Records from a data collection
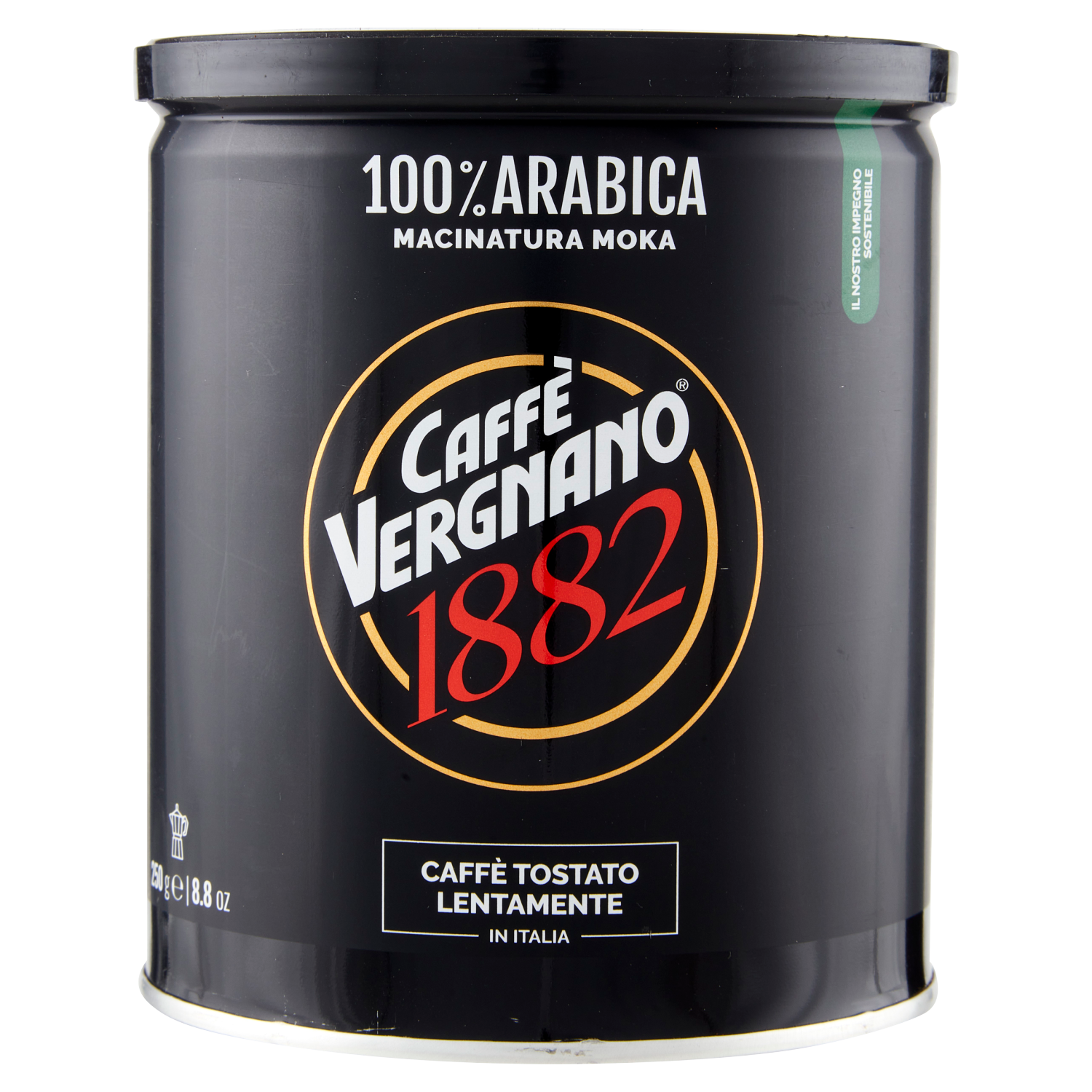 CAFFE VERGNANO ARABICA 100% 250g (6 in a box)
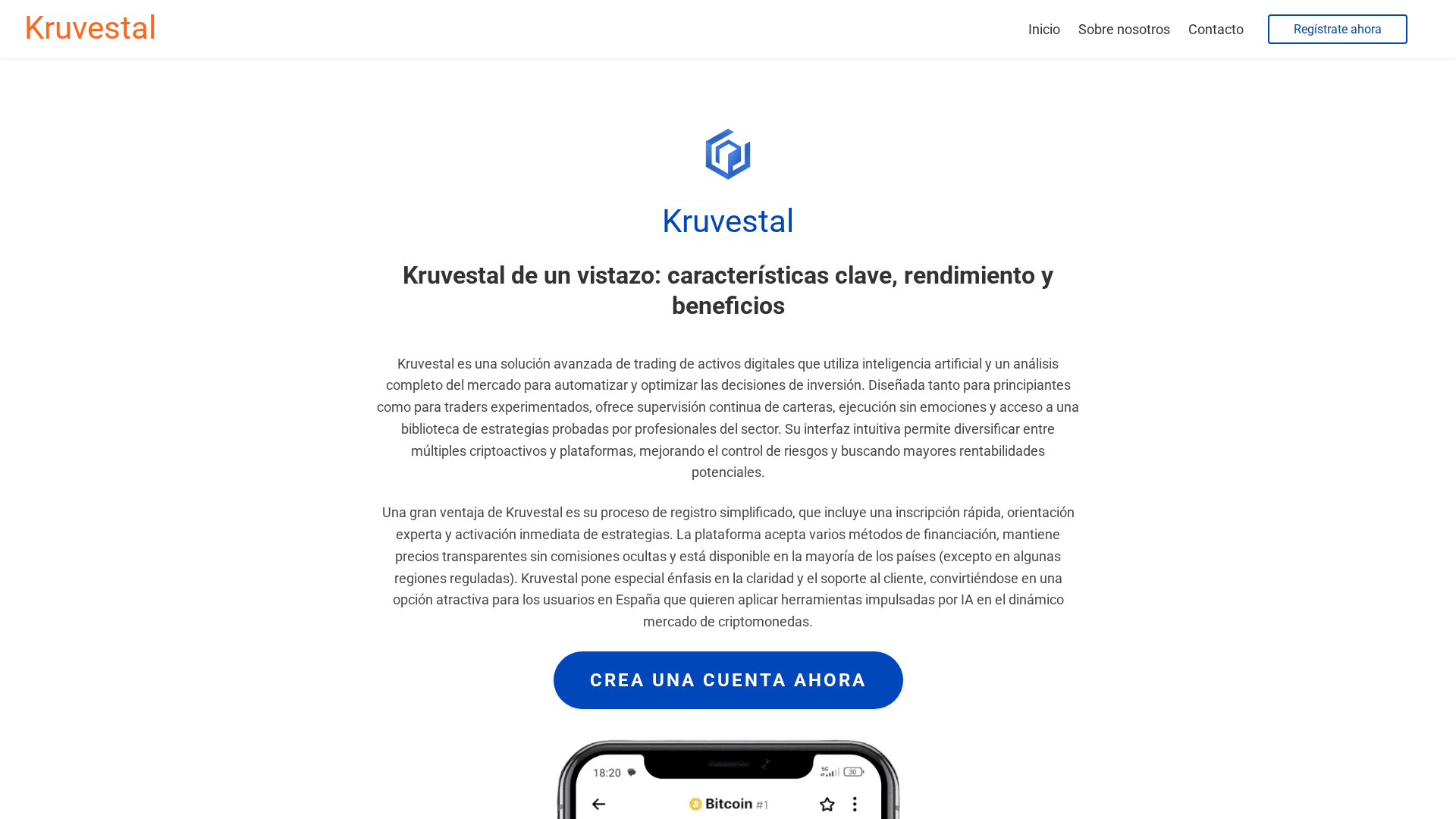 Screenshot of kruvestal-ai.net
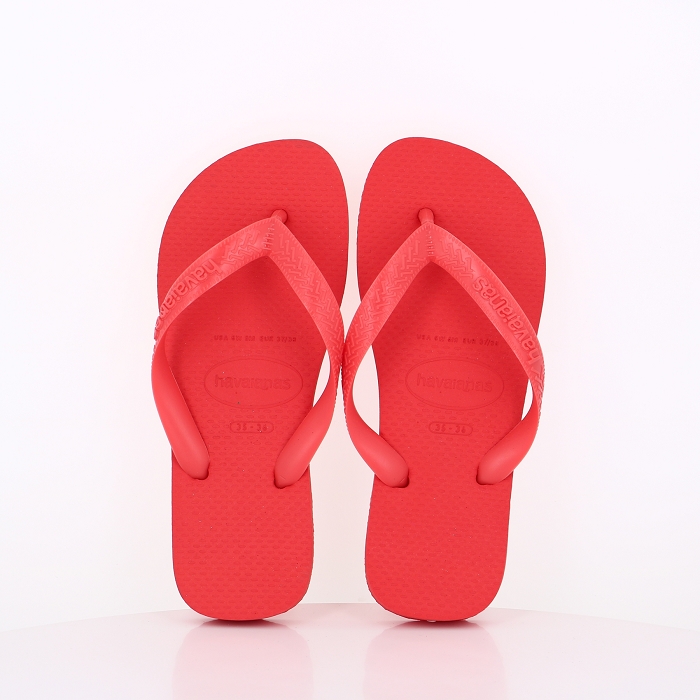 Havaianas chaussures havaianas top red crush rouge
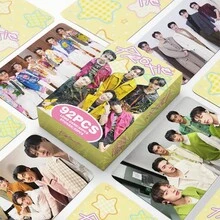 Cross-Border New Arrival In Stock 92pcs PR OX IE Thailand T-P OP Boy Group Star KP OP Merchandise LO M O Collection Photocards Btskp Op, K Pop, Katseye, Btss Kp Op, B T21, Santos Bravos, Katseye, Photocards - A - View 2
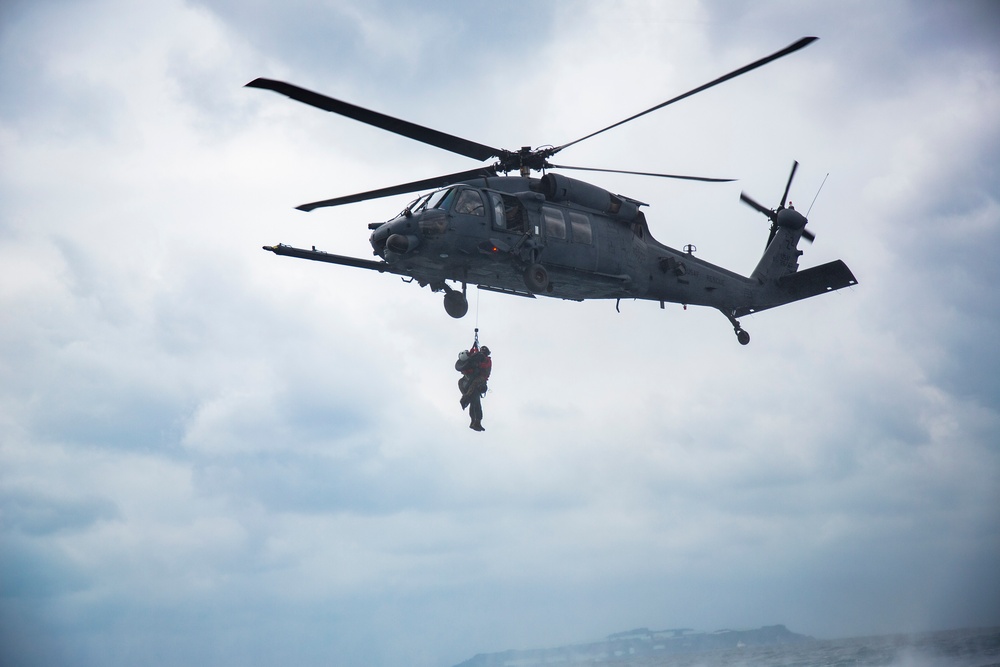 MAG-36 and 33rd RQS Search and Rescue Exercise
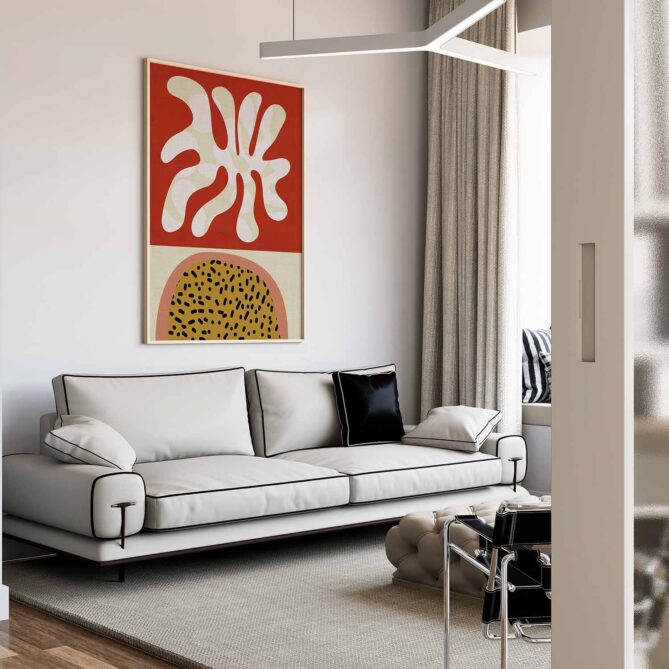 Alternative view of Mid Century Cut Outs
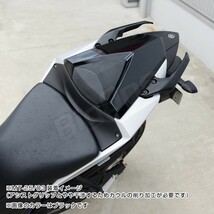 BigOne コスパ良 YZF-R25 YZF-R3 YZFR25 YZFR3 MT-25 MT-03 MT25 MT03 シングル シート カウル 赤 レッド_画像8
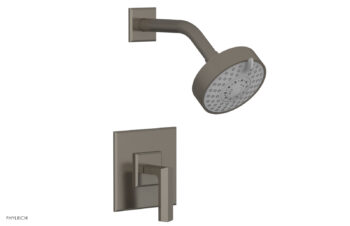 Phylrich DIAMA Pressure Balance Shower Set - Lever Handle 184-22 - Pewter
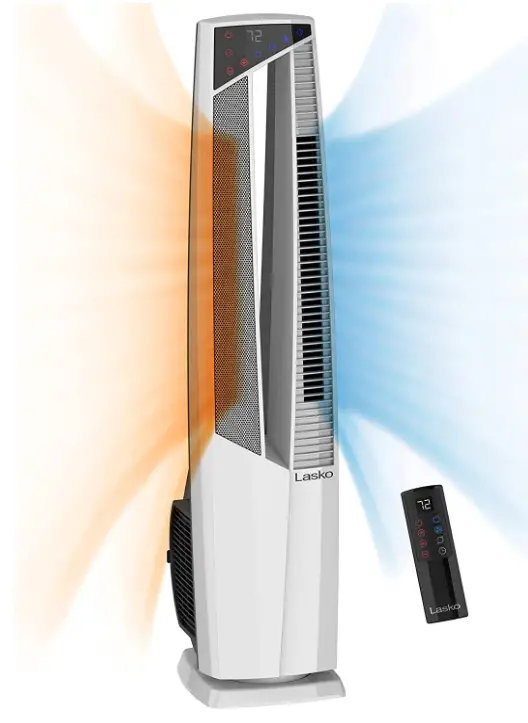 Lasko-FHV820-Oscillating-Hybrid-Fan-and-Space-Heater-user-manual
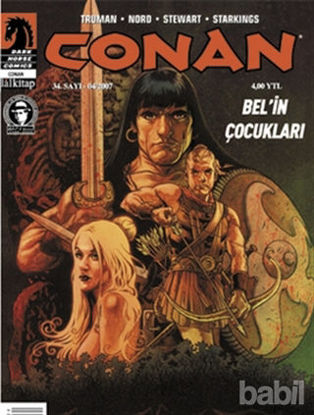 Picture of Conan Sayı: 34 Bel’in Çocukları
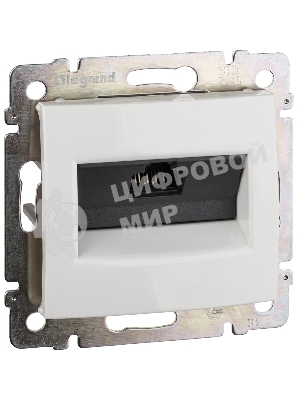 Компьютерная розетка Legrand Valena 774230, белая RJ45 5 кат UTP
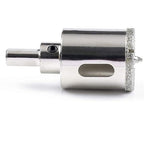 Drilax 1-3/8" Diamond Hole Saw | Removable Pilot Pin for Precision Locator & Wet Drilling | 3/8" Shank for Ceramic, Porcelain, Tile, Quartz, Granite, Marble | Perfect for Faucets, Soap Dispensers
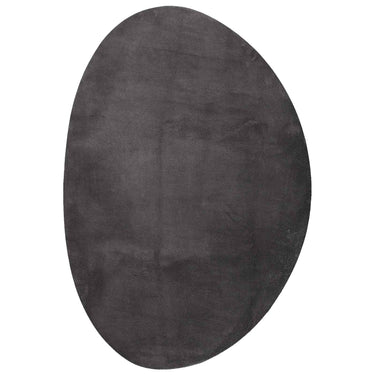 Vidaxl vloerkleden huarte antraciet 120 x 170 cm polyester
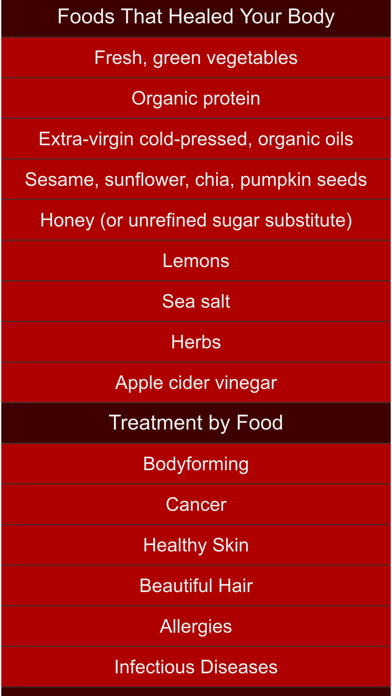 How to cancel & delete food that heals from iphone & ipad 3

Exercise
Restate, exactly as they appear, the line with "Havaianas chaussures havaianas" and all the lines after it up to the end of the data above; images do not belong in the copy.

Written solution
 Havaianas chaussures havaianas top red crush rouge
 Cross-Border New Arrival In Stock 92pcs PR OX IE Thailand T-P OP Boy Group Star KP OP Merchandise LO M O Collection Photocards Btskp Op, K Pop, Katseye, Btss Kp Op, B T21, Santos Bravos, Katseye, Photocards - A - View 2
 MAG-36 and 33rd RQS Search and Rescue Exercise
 Alternative view of Mid Century Cut Outs
 BigOne コスパ良 YZF-R25 YZF-R3 YZFR25 YZFR3 MT-25 MT-03 MT25 MT03 シングル シート カウル 赤 レッド_画像8
 Phylrich DIAMA Pressure Balance Shower Set - Lever Handle 184-22 - Pewter
 Lasko-FHV820-Oscillating-Hybrid-Fan-and-Space-Heater-user-manual
 Picture of Conan Sayı: 34 Bel’in Çocukları
 Компьютерная розетка Legrand Valena 774230, белая RJ45 5 кат UTP
 Drilax 1-3/8" Diamond Hole Saw | Removable Pilot Pin for Precision Locator & Wet Drilling | 3/8" Shank for Ceramic, Porcelain, Tile, Quartz, Granite, Marble | Perfect for Faucets, Soap Dispensers
 Vidaxl vloerkleden huarte antraciet 120 x 170 cm polyester
 How to cancel & delete food that heals from iphone & ipad 3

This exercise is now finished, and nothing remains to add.